A faithful copy of each entry below is expected, with the images removed.

━━ SOURCE INFORMATION

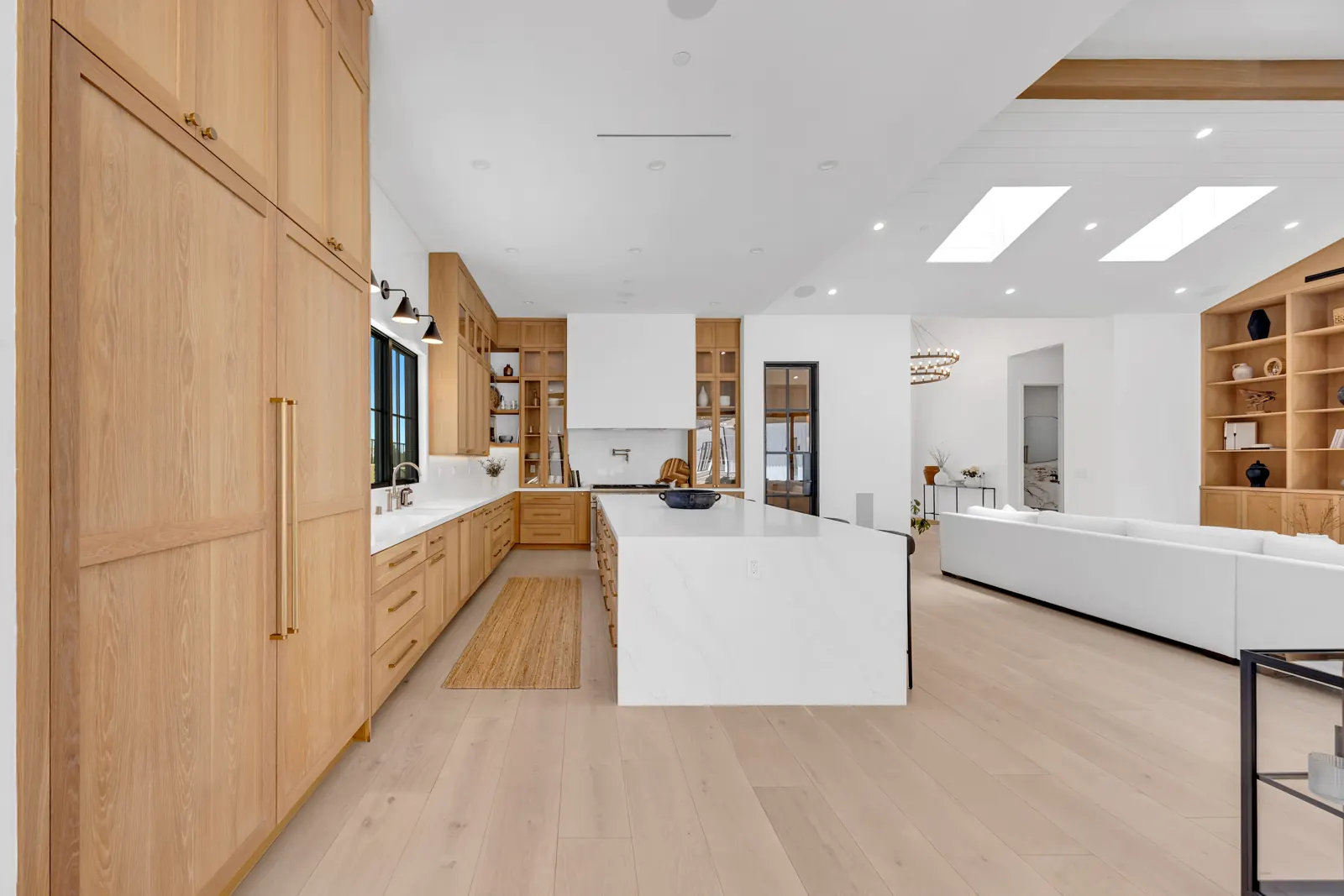Kitchen with full-height oak panels and white island, Porter Ranch, Glamour Flooring project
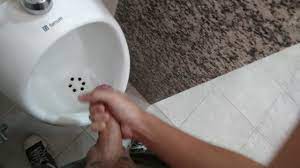 Cumming in urinal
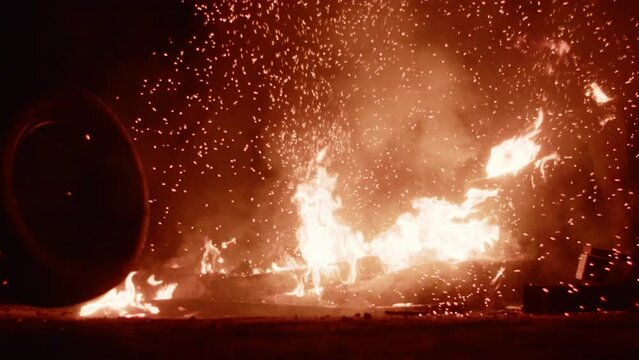 Flames and smoke from tires on the fire at night. People on protest riot
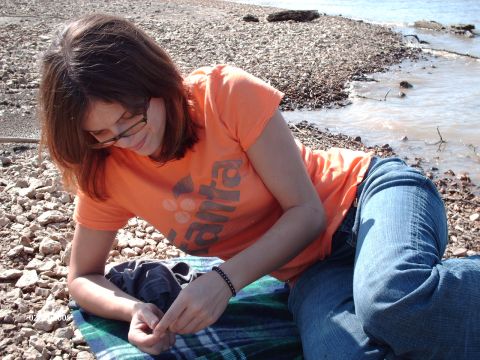 1995 Ford Probe - A woman relaxes on a blanket by the water's edge on a sunny day.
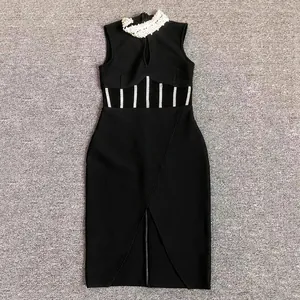 Detail view of a black high-neck bandage dress with rhinestones and mesh cutouts.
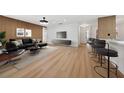 Bright living room featuring modern decor, wood-look floors, sleek furniture, and a stylish accent wall at 2321 Beneva Ter # 2288, Sarasota, FL 34232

━━━━

__YOUR RESPONSE__.
Kitchen with full-height oak panels and white island, Porter Ranch, Glamour Flooring project
 Cumming in urinal
 Flames and smoke from tires on the fire at night. People on protest riot
 1995 Ford Probe - A woman relaxes on a blanket by the water's edge on a sunny day.
 Detail view of a black high-neck bandage dress with rhinestones and mesh cutouts.
 Bright living room featuring modern decor, wood-look floors, sleek furniture, and a stylish accent wall at 2321 Beneva Ter # 2288, Sarasota, FL 34232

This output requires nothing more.